А я подумал, что хотя писатель он плохой, в чем, кстати, его вины нет, но человек, безусловно, любопытный.
Это мое тогдашнее впечатление нашло через некоторое время подтверждение.
Как известно, Юзовскому, в числе прочих критиков-космополитов, наглухо перекрыли дорогу в печать. А потому, дабы прокормить себя и сына, он стал распродавать библиотеку. Тем не менее продолжал работать и написал большое исследование о драматургии Горького.
Не знаю, при каких обстоятельствах, но в это тяжкое для Юза (так мы его звали между собой) время Панферов связался с ним и поинтересовался, что тот поделывает. Юз ответил, и Панферов сказал: «Принеси».

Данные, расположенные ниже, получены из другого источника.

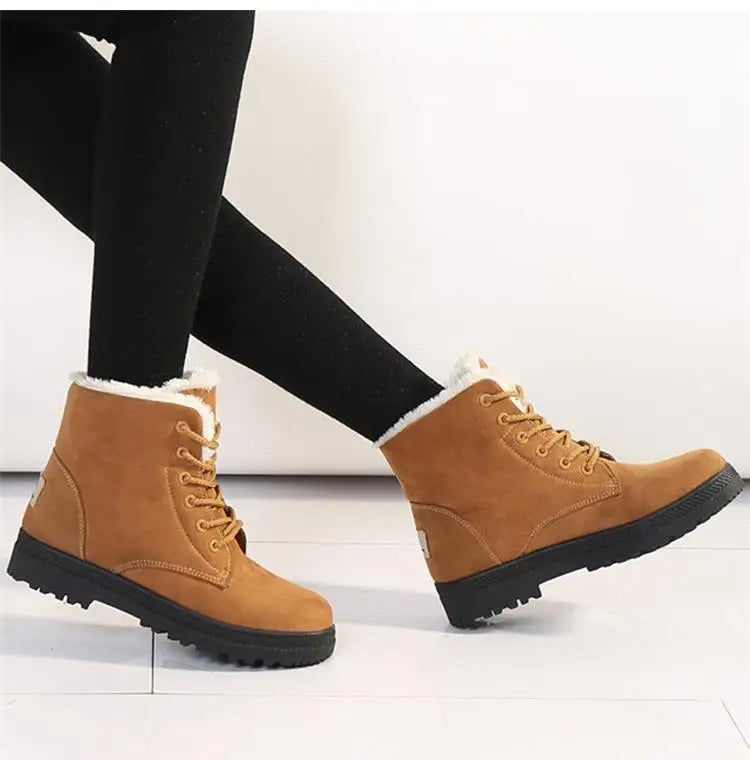 Women's Boots Snow Soft Shoes Woman Platform Ladies Shoes Casual Mid Women's High Boots Flat Winter Girls Boots Botas Mujer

Придя в редакцию «Октября», Юз положил перед Панферовым толстую рукопись, и тот, даже не перелистав, написал на ней: «В набор». Затем вызвал секретаршу и распорядился: «В очередной номер. И автору оплатить».
Когда секретарша вышла, Юз заметил: «Но ведь вы даже не знаете, какова рукопись». «Я знаю тебя», — сказал Панферов. И стал расспрашивать Юзовского о его житье-бытье.
Юз рассказал, что в связи с так называемой антикосмополитской кампанией соседи по дому, тоже писатели, вывинтили на этаже лампочки, чтобы при случайных встречах не здороваться с ним. На это Панферов отреагировал словами, которые тут не приведешь.
И в это время в кабинет ворвался разъяренный Первенцев, член редколлегии журнала. Потрясая рукописью Юза, он завопил Панферову: «Ты что написал?! Ты видел, чья это рукопись?!» При этом он игнорировал присутствие Юза, как если бы того в кабинете не было.
«Видел», — невозмутимо произнес Панферов. «Только через мой труп!» — вскричал Первенцев и швырнул рукопись Панферову на стол. «Ну и перешагну через твой поганый труп», — спокойно заметил Панферов, снова вызвал секретаршу и, сделав ей выволочку, повторил свое распоряжение. Первенцев выскочил из кабинета в бешенстве, а Панферов продолжил беседу с Юзом, как если бы ничего не случилось.
Вот и скажите после этого — каков Панферов? Ну, не дано ему было судьбой стать хорошим писателем. Хотел, работал, мучился, но не получилось, что, впрочем, не поколебало веру Панферова в себя. Повторяю, его вины тут нет. Но зато в решительные и трудные минуты умел вести себя достойно.